In The Seduction, known in France by its original title Merteuil, Isabelle de Merteuil's ascent into the world of pre-revolutionary French aristocracy thus begins. Determined to take revenge on Valmont and the Comte de Gercourt, another nobleman who humiliated her, the young woman learns to use her beauty and intelligence as lethal weapons in a society that denied women any other form of power. But the price of revenge might prove higher than imagined.

The Seduction: Again?

For those who love period films and classic literary themes, the names will certainly be familiar: created by Jean-Baptiste Delafon and directed by Jessica Palud, this six-episode miniseries represents the first French-language Original from HBO and is configured as a prequel to the famous epistolary novel Dangerous Liaisons by Pierre Choderlos de Laclos, published in 1782 and adapted multiple times for both the big and small screen.
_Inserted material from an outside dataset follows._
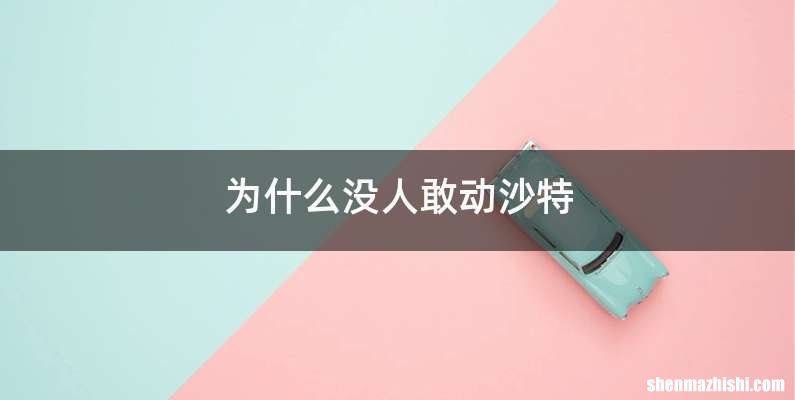 为什么没人敢动沙特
A work that has already seen innumerable adaptations, from Stephen Frears' most famous cinematic version in 1988 with Glenn Close and John Malkovich, to the Nineties teen-drama update of Cruel Intentions (1999). The declared ambition of this new operation is to re-read the figure of the Marquise de Merteuil in a feminist key, here young and not yet consumed by the cynicism that will characterize her in the written pages. An origin story that transforms what in previous texts was a glacial and manipulative villain into a wounded woman, fighting to carve out a space for herself in a cynical and ruthless patriarchal society. An approach that on paper seems fascinating, but which in its overall execution shows several structural flaws.
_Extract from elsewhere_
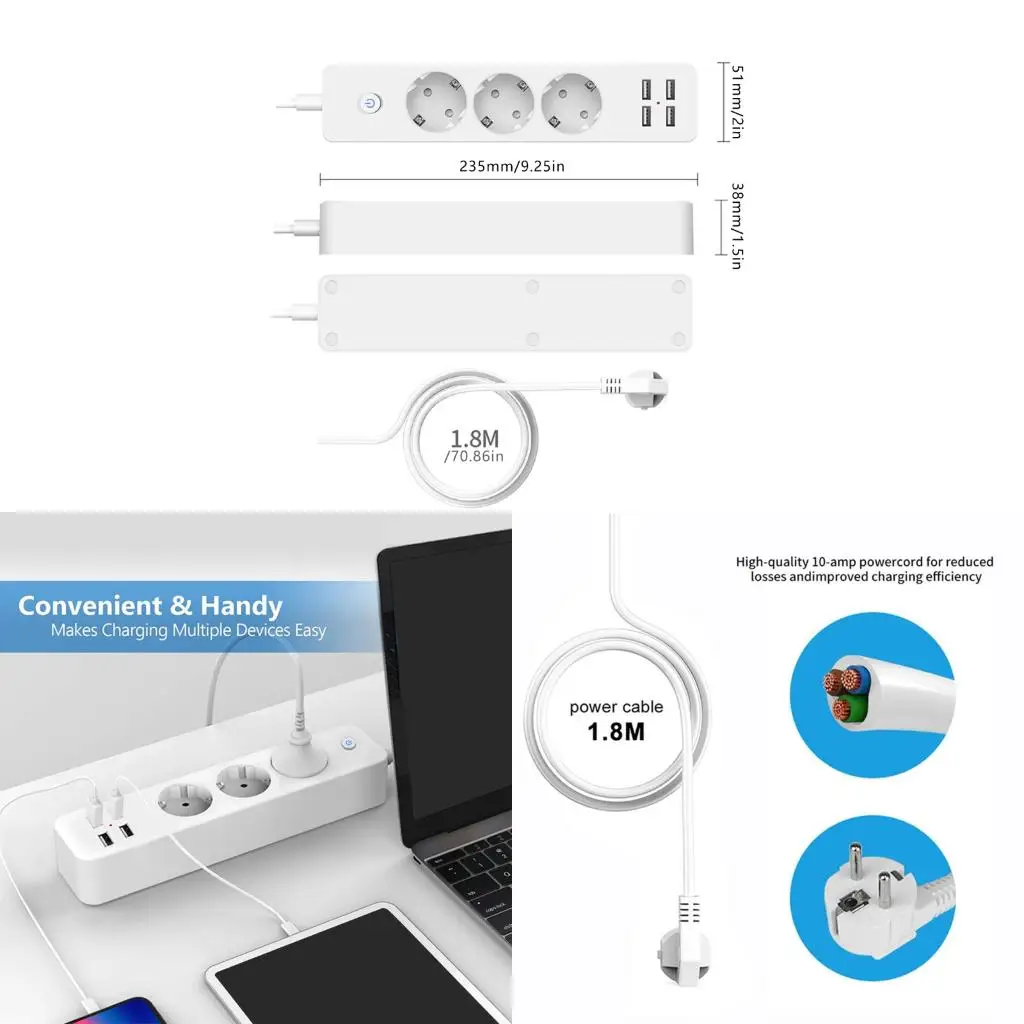 Efficient 4 USB Charging Station Power Strips Power Outlets Extenders Enduring
Efficient 4 USB Charging Station Power Strips Power Outlets Extenders Enduring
From a staging perspective, The Seduction is nothing short of impeccable. The cinematography precisely conveys the decadent luxury of 18th-century aristocracy, with meticulous costumes and set design that recreate with rich detail those sumptuous salons, balls, and secret chambers where anything can happen. Filming took place in authentic castles, and the historical reconstruction is the true strength of the operation, with a truly captivating aesthetic result.

At the Heart of Danger

Director Jessica Palud – already known for the dramatic films Revenir (2019) and Maria (2024), the latter a biopic on the life of Maria Schneider – directs with a steady hand, effectively orchestrating the exchanges of glances and power dynamics that unfold in Parisian salons, in that mix of deception and eroticism that, after all, characterizes the approximately four hours of total viewing. The skillful use of lighting underscores the poisoned beauty of a world on the eve of its self-destruction, with opulence seemingly clouding everyone. It is no coincidence that Isabelle's arrival in high society, of humble origins and seeking revenge for the treatment she received, shatters acquired certainties, initiating a series of increasingly paradoxical and cruel intrigues, where hatred and love coexist more than ever in an emotional battle without quarter. 

The main problem lies in the actual management of the pace, which after a promising start tends to flatten into redundancy and monotony of situations, with sex increasingly taking center stage in subtly suggestive sequences, where the protagonists, especially female, are not afraid to bare themselves. Anamaria Vartolomei, fresh from the success of The Count of Monte Cristo (2024), embodies the young Isabelle with an intense stage presence but not always up to the ambitions that such a role demanded. Vincent Lacoste plays Valmont with the right dose of ambiguity, but his character risks being overshadowed by that female predominance, which also sees a splendid Diane Kruger, in the elegant guise of Madame de Rosemonde, constantly stealing the scene when she appears before the camera.

But between courageous yet unbalanced narrative choices and a reiteration of seemingly endless romantic whirlwinds, The Seduction risks dragging on more wearily than expected to its dramatic epilogue, accompanied moreover by a modern version of Hallelujah that clashes, intentionally or not, with the historical context and what has been seen until then.